Ms. Streisand can turn the right song
into a sung-through dramatic soliloquy, as in several works on “Love Is
the Answer,” especially “Where Do You Start?,” one of three songs she
sings as a nod to an artist she reveres, the jazz singer and pianist
Shirley Horn, who recorded them on “Here’s to Life,” a 1992 album
produced and arranged by Mr. Mandel. “I think she’s sublime,” Ms.
Streisand said.
“Where Do You Start?” is the wistful regret of a
woman at the end stage of a breakup. The ruminative music is by Mr.
Mandel, with lyrics by Alan and Marilyn Bergman “profound, poetic and yet conversational” lyrics, as Ms. Streisand
writes in the album’s liner notes. All those qualities come though in
her subdued performance when she achingly, without a trace of
self-pity, poses questions: “Which books are yours?/Which tapes and
dreams belong to you and which are mine?”
For all her demurrals
Ms. Streisand revealed sophisticated intuitions about the technique of
singing and the art of interpretation. I mentioned once hearing Yo-Yo Ma give a master class. With several of the student cellists Mr. Ma talked
about how important it is to not let a sustained tone that is
decreasing in volume just go limp.
There is a way, by using a
quicker vibrato and a penetrating tone, as Mr. Ma demonstrated, to make
a sustained pitch actually increase in intensity as the sound dies
away. Something similar is a hallmark of Ms. Streisand’s singing. Did
my description of Mr. Ma’s technique ring a bell?
“It sounds
familiar,” she said. “It’s true. You have to almost give it more air.

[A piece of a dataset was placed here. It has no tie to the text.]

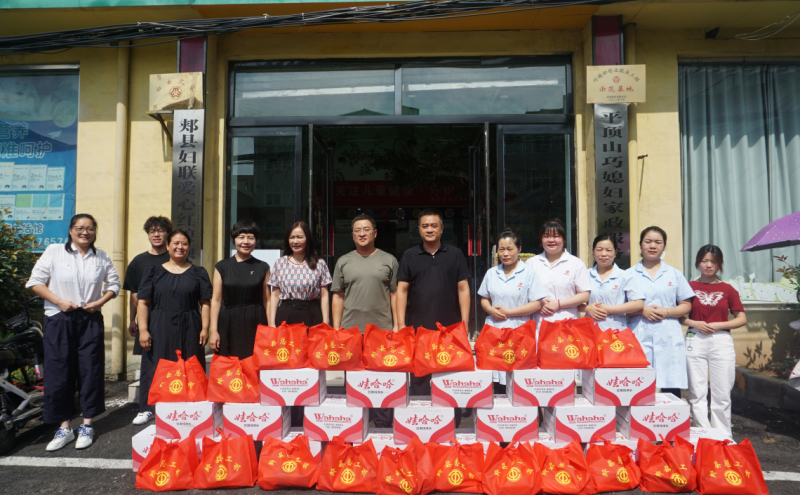 组织开展“情系职工 夏送清凉”关爱新业态慰问活动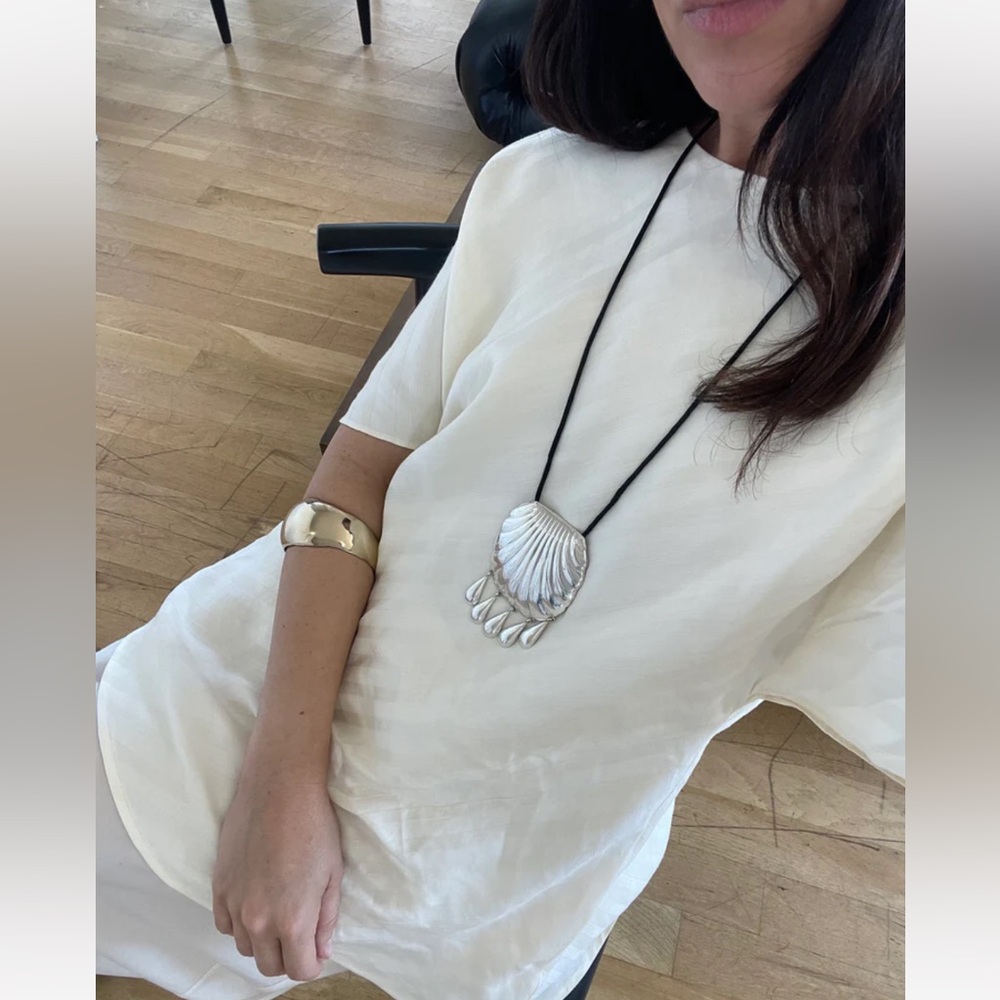 Juju Vera Petra Shell Pendant with Silver Chain - Picture 5 of 6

The sound is not really dying out.” But, she added, “I don’t know what
it is I do.”
When asked if it was true that she essentially cannot read music, she answered in a Fanny Brice deadpan: “I don’t read music. Not even essentially. Not even nonessentially.”

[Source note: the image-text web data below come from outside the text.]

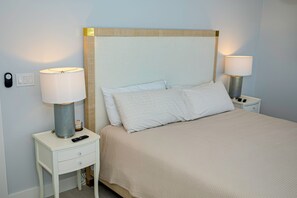 2 chambres, bureau, fer et planche à repasser, lit de bébé portatif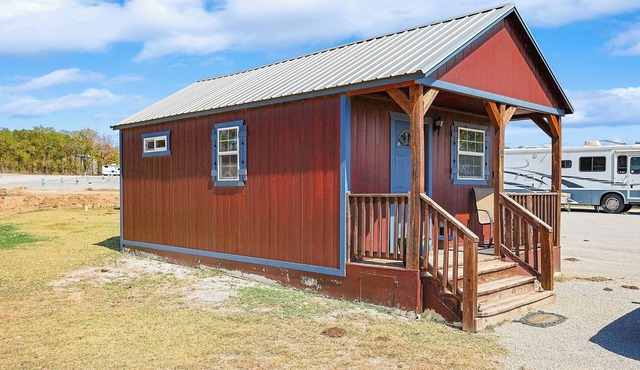 Cabin 2: Cozy Comfort by the Lake—Your Perfect Bridgeport Getaway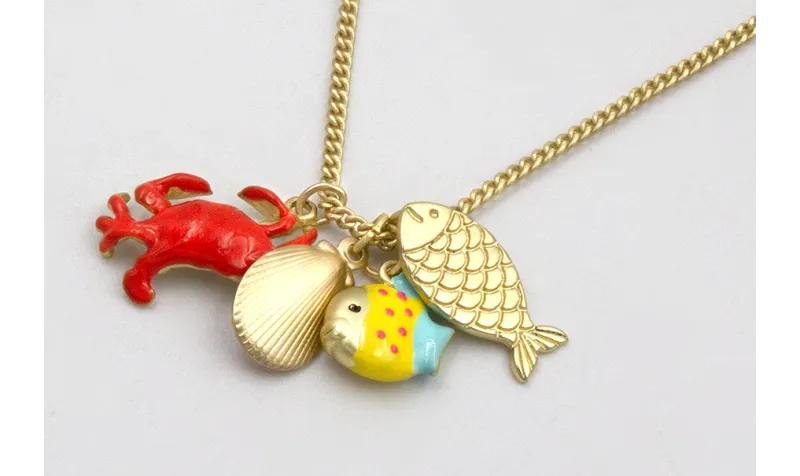 Collar cadena eslabón plano dorado mate con colgan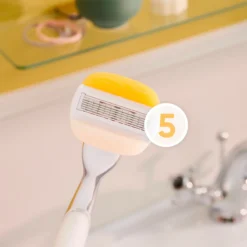 Gillette Venus Pro ComfortGlide Coconut & Olay Rakhyvel med 1 st rakblad & duschhållare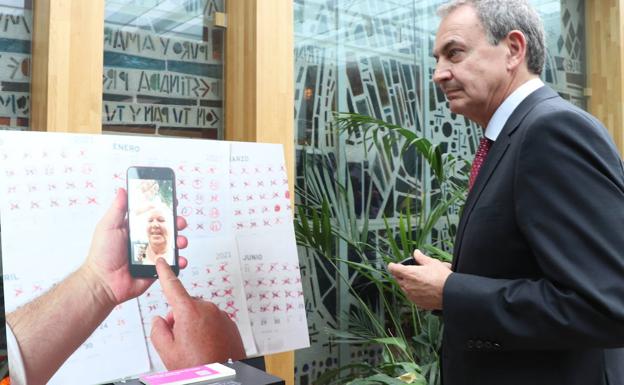 Exposición celebrada en el ayuntamiento de San Marcelo y con la presencia del presidente Zapatero.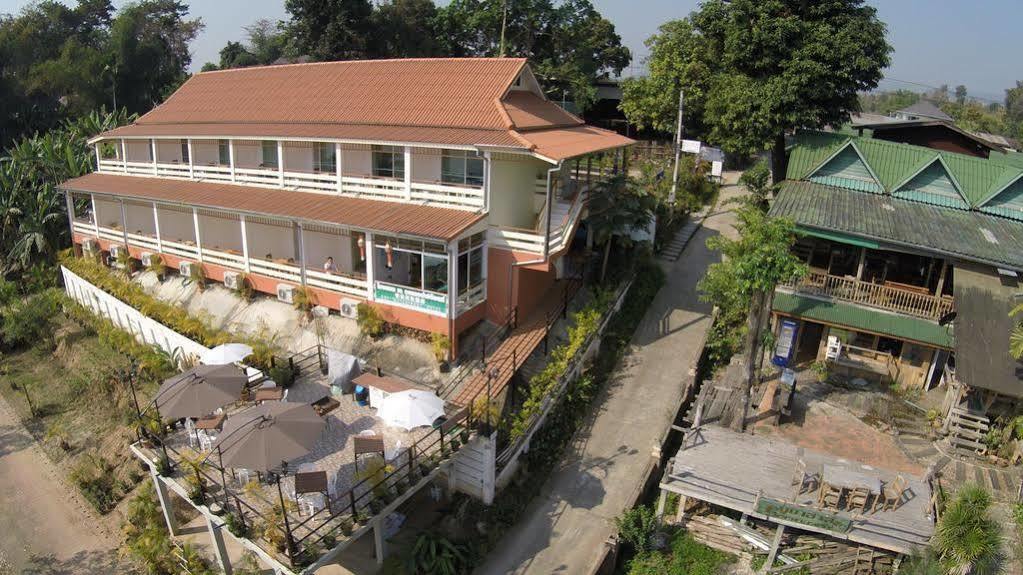 Day Waterfront Hotel Chiang Khong Bagian luar foto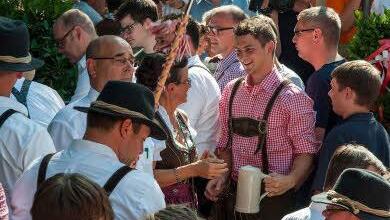 Traditionell gekleidete Besucher des Annafests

In learning songs, usually all she needs to do, she said, is to hear a melody once, and she gets it.
Of course she is in great company among vocal giants who did not really read music, not only Ethel Merman and Mary Martin but Luciano Pavarotti.
Besides
winning a best actress Oscar in 1968 for her performance in “Funny
Girl,” Ms. Streisand earned an Oscar for best original song,
“Evergreen,” the love theme from her 1976 film “A Star Is Born,” which
she composed to lyrics by Paul Williams. The depth of her musicality
came through when she talked about her fantasy of composing a symphony.
“I
hear these melodies,” she said. “I hear horn lines and string lines.

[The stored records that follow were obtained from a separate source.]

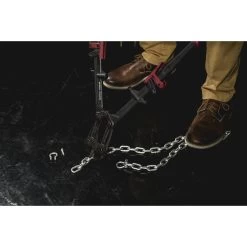 FOLDING BOLT CUTTER 24" -Hand Tool Store JSBC24 In UseImage 05 1500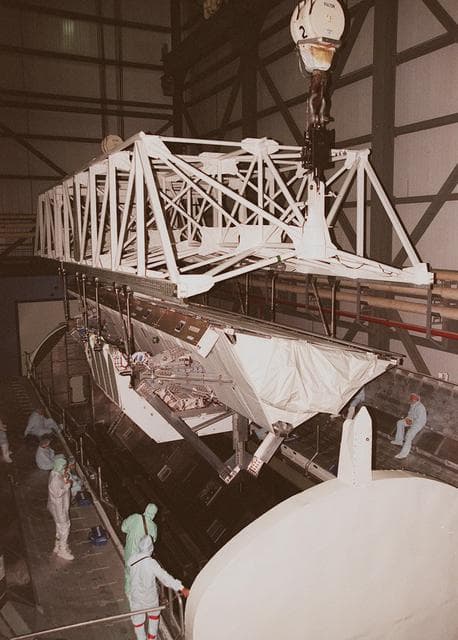 NASA image: KSC-99pp1057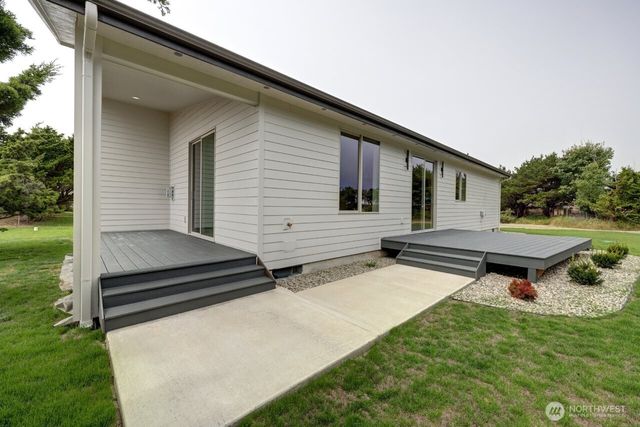 34305 G Street, Ocean Park, WA 98640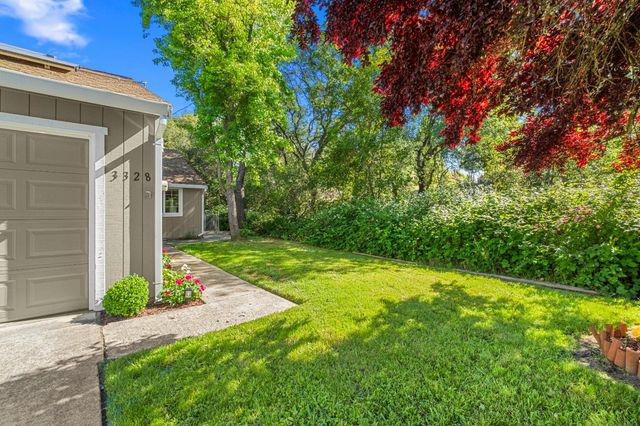 3328 Village Ct, Cameron Park, CA 95682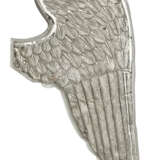 A PAIR OF SPANISH OR SPANISH COLONIAL SILVER WINGS - фото 2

That’s what’s fun about recording with an orchestra.” She can sing
things, and composer-arrangers like Bill Ross or Jeremy Lubbock have
the skill to write them down, she said.
She talked about recording with Marvin Hamlisch.
“I can go, ‘That’s not the right chord, no, it has to be an 11th or a
9th or something,’ ” she said. “I just know that the chord has to be in
contrast, it can’t just be this.” She sang a sustained husky pitch.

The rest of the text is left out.